## Your assignment
Retype each entry exactly as written, and keep the pictures out of the copy.

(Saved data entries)
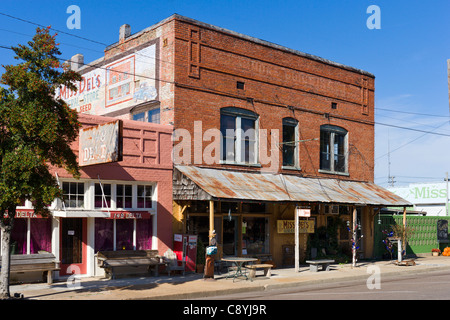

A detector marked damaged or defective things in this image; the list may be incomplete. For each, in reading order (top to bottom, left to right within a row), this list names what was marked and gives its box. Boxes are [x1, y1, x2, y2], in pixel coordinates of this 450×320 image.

rusted metal roof [175, 166, 412, 206]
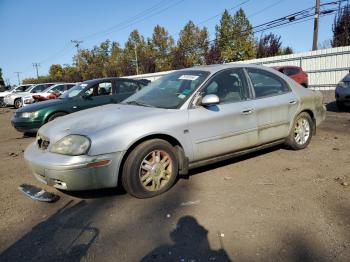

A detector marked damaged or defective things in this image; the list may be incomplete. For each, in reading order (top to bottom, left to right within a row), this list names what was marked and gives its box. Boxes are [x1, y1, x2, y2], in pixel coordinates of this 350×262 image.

damaged front bumper [23, 143, 124, 190]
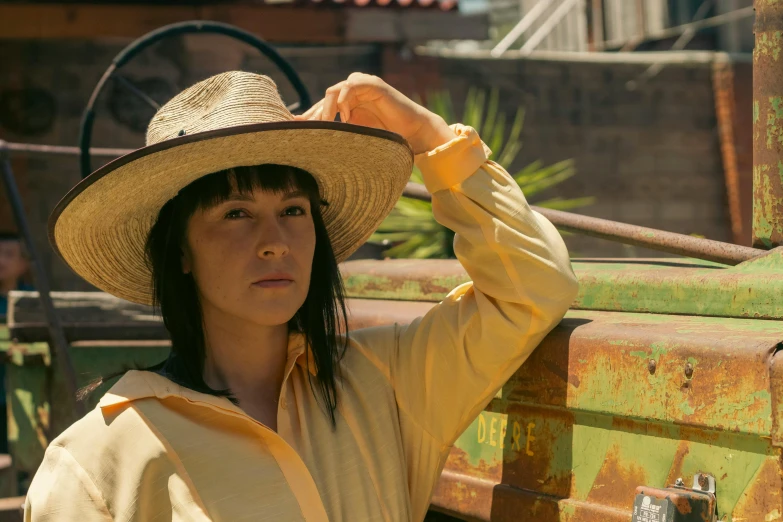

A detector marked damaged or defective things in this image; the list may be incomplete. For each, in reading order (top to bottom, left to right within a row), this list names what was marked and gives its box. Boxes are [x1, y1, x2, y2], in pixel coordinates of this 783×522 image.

rusted metal bracket [404, 182, 764, 264]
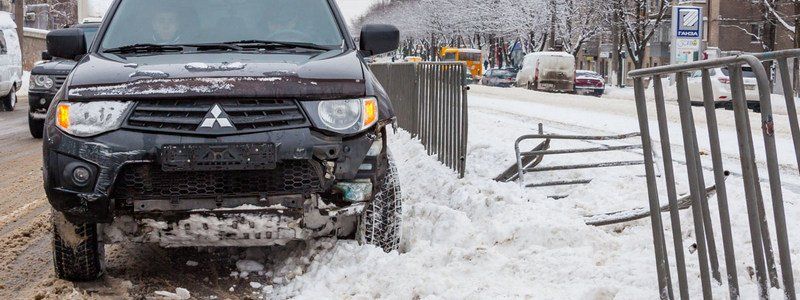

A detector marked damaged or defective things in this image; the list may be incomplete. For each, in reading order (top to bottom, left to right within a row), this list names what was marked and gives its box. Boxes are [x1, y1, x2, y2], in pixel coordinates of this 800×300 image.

bent railing [372, 61, 472, 177]
bent railing [632, 52, 792, 298]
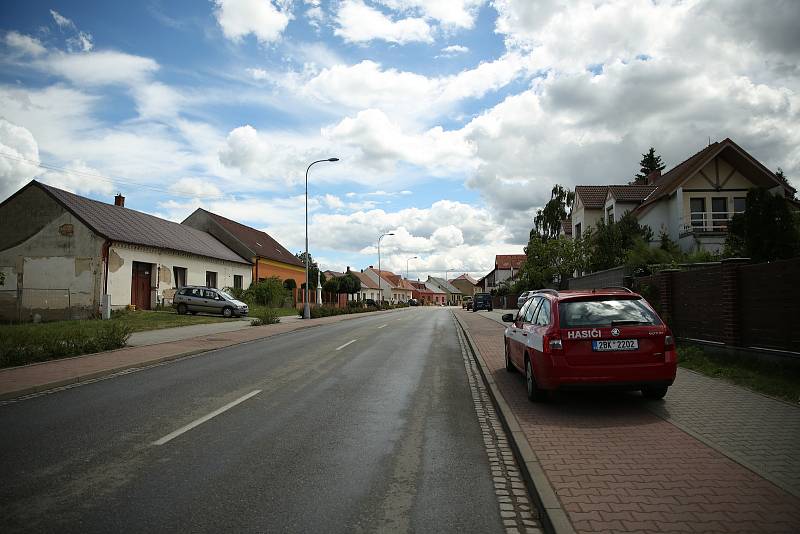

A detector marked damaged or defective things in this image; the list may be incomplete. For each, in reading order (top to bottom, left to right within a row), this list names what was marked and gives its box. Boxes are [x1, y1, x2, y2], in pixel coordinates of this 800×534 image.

damaged building facade [0, 182, 250, 320]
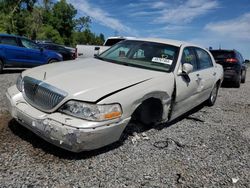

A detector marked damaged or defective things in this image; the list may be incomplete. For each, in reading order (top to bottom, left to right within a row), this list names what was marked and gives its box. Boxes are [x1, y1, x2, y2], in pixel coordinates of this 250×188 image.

damaged front bumper [6, 86, 131, 152]
dented body panel [6, 37, 224, 151]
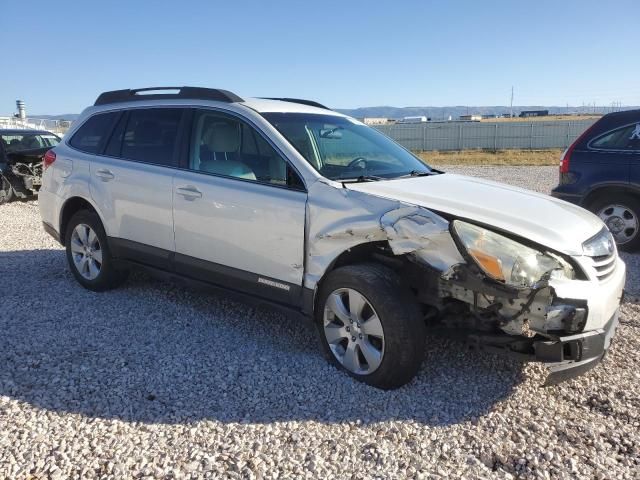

## Final answer
A detector marked damaged or defective things in this image; the list may be incomplete. For each, in reading order (top to bottom, left to right within a row), this list names what was marked and gives its box. Boxes are [x1, y1, x2, y2], in pixel coordinates of this 450×320 image.

rusted metal roof [175, 166, 412, 206]

A detector marked damaged or defective things in this image; the list may be incomplete. For each, in reading order (top to bottom, left to right within a row), this list names what was marked and gives its box. Boxes are [x1, y1, x2, y2], in pixel coordinates of this 350×262 image.

damaged front bumper [23, 143, 124, 190]

A detector marked damaged or defective things in this image; the list may be incomplete. For each, in reading order (top to bottom, left to right within a row), this list names what was marked and gives its box. Boxes are [x1, y1, x2, y2], in pixel coordinates of this 783×522 image.

rusted metal bracket [404, 182, 764, 264]

A detector marked damaged or defective things in this image; the list may be incomplete. For each, in reading order (top to bottom, left to right within a row), this list names what was marked and gives its box. Boxes are [x1, y1, x2, y2], in pixel coordinates of this 800×300 image.

bent railing [372, 61, 472, 177]
bent railing [632, 52, 792, 298]

A detector marked damaged or defective things in this image; the list may be incomplete. For each, in reading order (top to bottom, left to right within a row), this list names what was marked and gives its box. Boxes are [x1, y1, x2, y2], in pixel coordinates of this 800×534 image.

damaged building facade [0, 182, 250, 320]

A detector marked damaged or defective things in this image; the list may be incomplete. For each, in reading order (top to bottom, left to right within a row), this list names what was marked and gives its box. Boxes are [x1, y1, x2, y2], in pixel coordinates of this 250×188 image.

damaged front bumper [6, 86, 131, 152]
dented body panel [6, 37, 224, 151]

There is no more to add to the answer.